Real Financial Impact
This summer, my city is working on a street reconstruction project near my home. My commute has been torn up for most of the summer, forcing me to walk through loose dirt and construction debris or take a more circuitous route. I’ve not minded at all. You see, my city moved the curb and I’m ecstatic about it.
Many decades ago, my poor and generally cash-strapped city took a quaint and walkable neighborhood and decided it was going to spend absurd amounts of money widening the streets. In a very practical sense, a wider street substitutes asphalt pavement for turf. The wider the street is, the more pavement and the less turf there is.
Let me state the obvious: pavement is vastly more expensive than turf. Oh so much more expensive. By shifting to pavement from turf, the city is choosing to spend a lot more money upfront.
How much more? The bid tabulation for the current project gives a rough idea.
With an eight-inch-deep section, a shift from turf to pavement increases the cost by 350%. On the pavement side, there is compacted aggregate and bituminous pavement at a cost of $2.09 per square foot. On the turf side, there is fill (common borrow) and topsoil at just $0.60 per square foot. These prices will vary for different locations and different projects, but the ratio of 3.5x seems like a solid benchmark.
I’m not sure exactly how much the city moved the curb, but I estimate about eight feet on each side. If so, they cut well over $150,000 off the cost of the project. Here’s a link to the bid tabulation and a spreadsheet that shows how I came up with these results.
Those are the initial construction costs, but the ongoing maintenance costs add up, as well. Every routine maintenance project over the years had to crack seal, seal coat, and overlay that much more pavement. Every time it snowed, the plows needed to clear that much more snow at a shockingly high cost.

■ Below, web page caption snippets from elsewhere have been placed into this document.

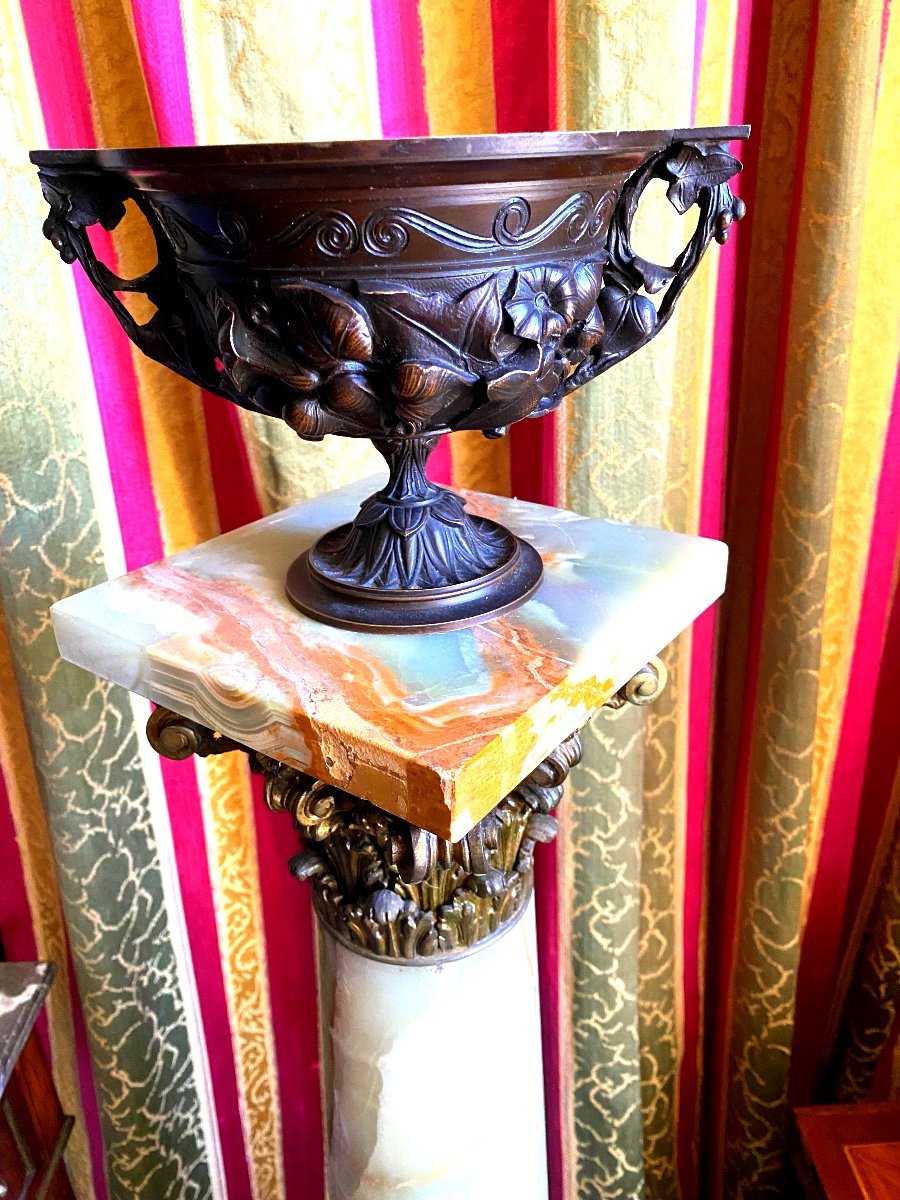 Remarkable Large Corinthian Living Room Column In Green Veined Onyx And Its Beautiful Bronze Cup-photo-2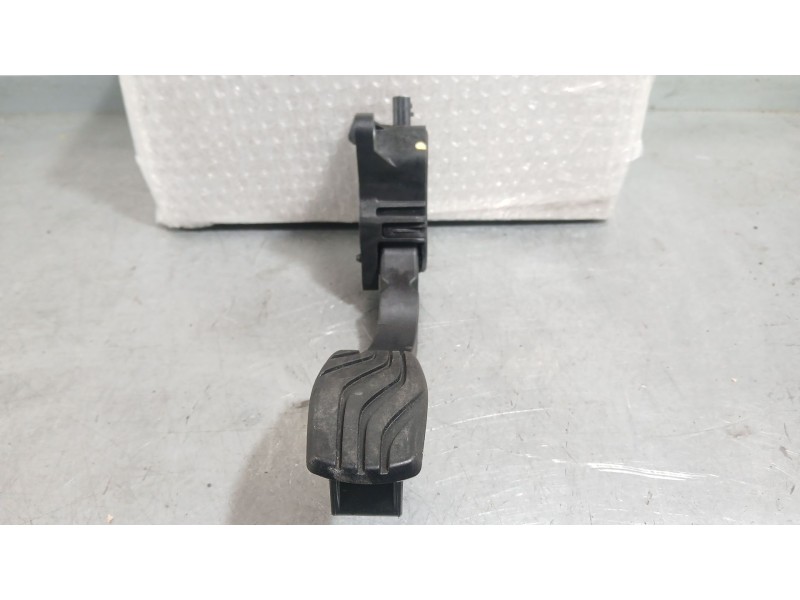 Recambio de potenciometro pedal para dacia sandero iii 1.0 tce 90 referencia OEM IAM 180100912R  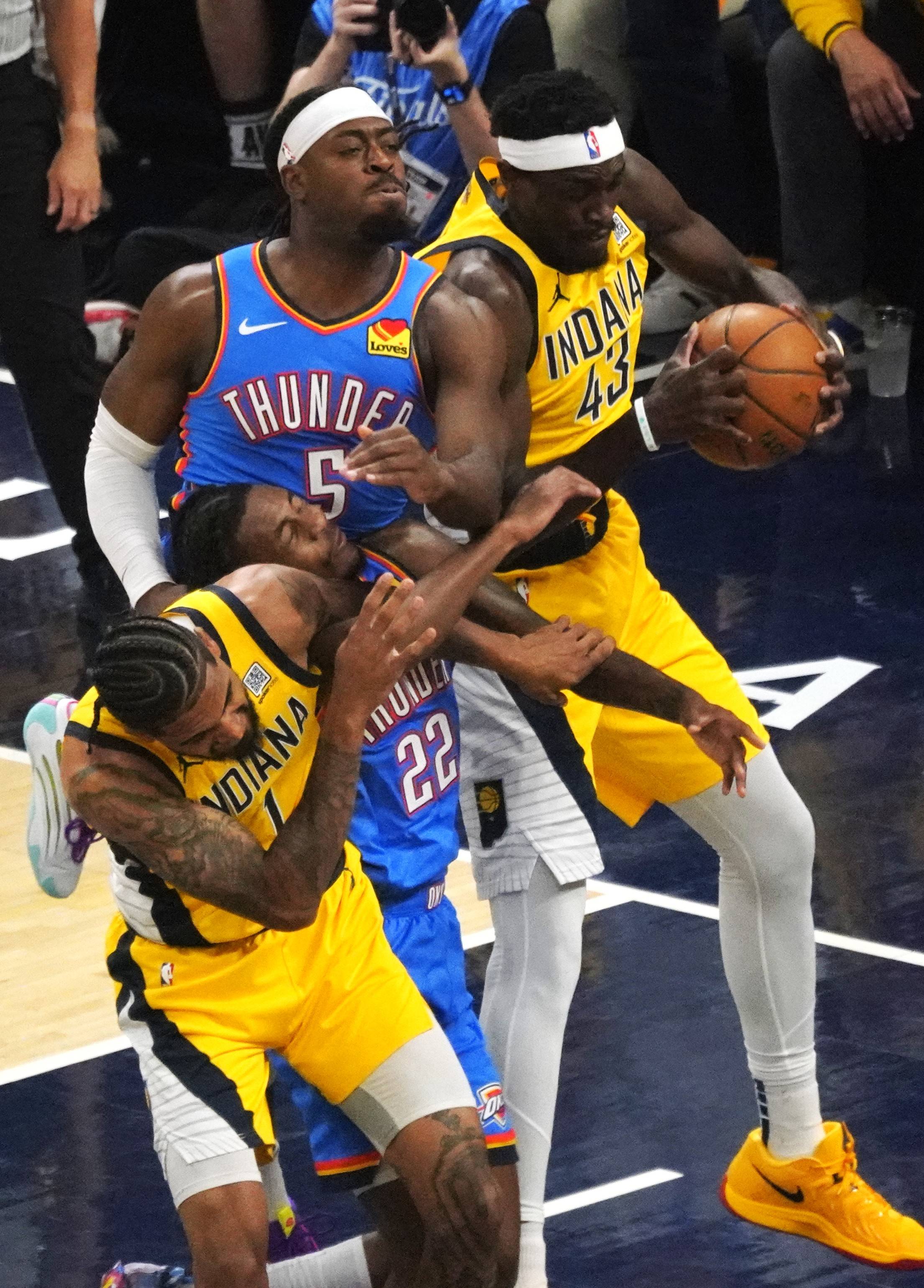 热火队击败步行者队,迎来三连胜的简单介绍 热火队击败步行者队,迎来三连胜的简单介绍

When it rains, we have to convey that much more water through systems that must be sized to handle all that unnecessary pavement.
An extra foot of street pavement is the extravagant luxury good we not only don’t appreciate, but also never really wanted.
If you’re reconstructing the street, reduce the street width by moving the curb in. As far as possible. Every foot saves you money today and every year you maintain that street. Fight for less.
My city moved the curb. That’s great leadership.